The dichotomous method and the extended Kalman filter method demonstrated superior accuracy in the presence of certain measurement noises, with estimation errors under 100 mV noise controlled within ±2%. The extended Kalman filter algorithm was particularly effective in filtering out the noise, with error variation following noise addition not exceeding 0.04%. Additionally, the extended Kalman filter method outperformed the other two methods in terms of estimation speed, with an average time of 0.01 s per frame of data estimated.
In addition, it is worth noting that the estimation error of SOC will be larger when the initial SOC error is large due to the absence of current input. However, measures can be taken to avoid excessive errors. For example, the battery is left for a period of time, and the battery is calibrated by OCV after it is fully charged. In that case, this weakness does not affect the usefulness and sophistication of the algorithms used.

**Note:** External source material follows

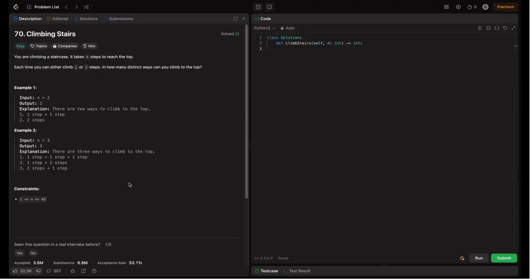Welcome back to HackCode. In this video, we are tackling an existential problem for coding interviews: climbing stairs. This problem is great for learning dynamic programming. We will explore four approaches: recursion, dynamic programming top-down approach, dynamic programming bottom-up approach with O(n) space, and dynamic programming bottom-up approach with O(1) space optimization.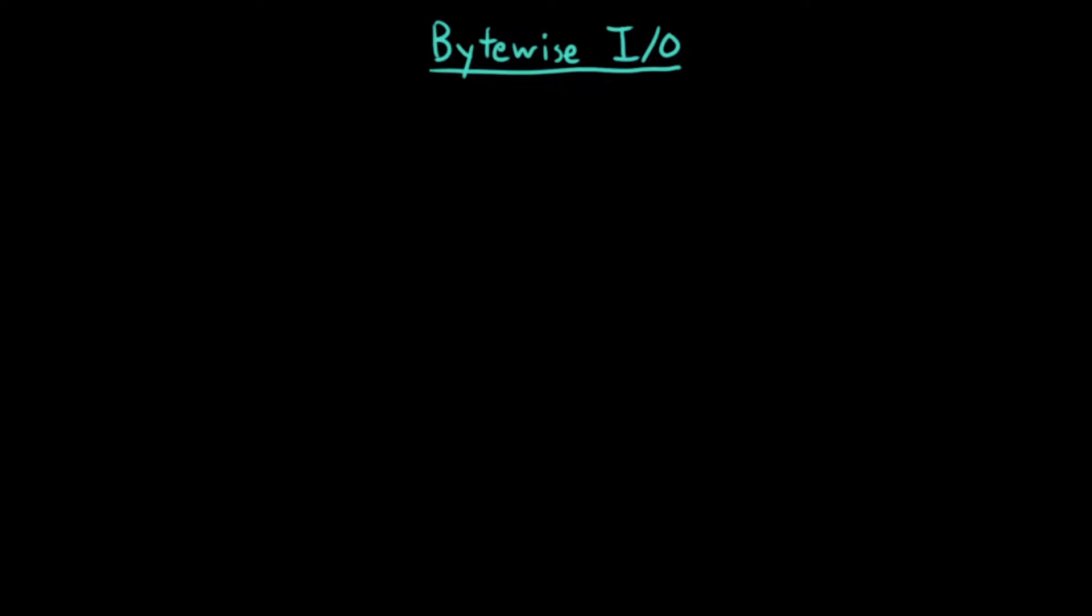Imagine we want to write a program that writes to the disk one byte at a time. We could implement it like this where it would write a single byte at a time, but that would be extremely slow because disk access is super slow.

Considering the aging process of the battery, the battery model parameters will change, leading to an increase in SOC estimation error. In order to solve this problem, a possible approach is to use an improved extended Kalman filter (IEKF) algorithm [
32] or a model adaptive EKF (MAEKF) [
33] algorithm. The general idea is to select the parameters of the electrical model with high sensitivity. In view of the fact that the battery voltage derivative changes abruptly twice with time when the discharge current is constant, the parameters are updated using IEKF or MAEKF. Thus, the excellent accuracy of the model is maintained during the aging process of the battery.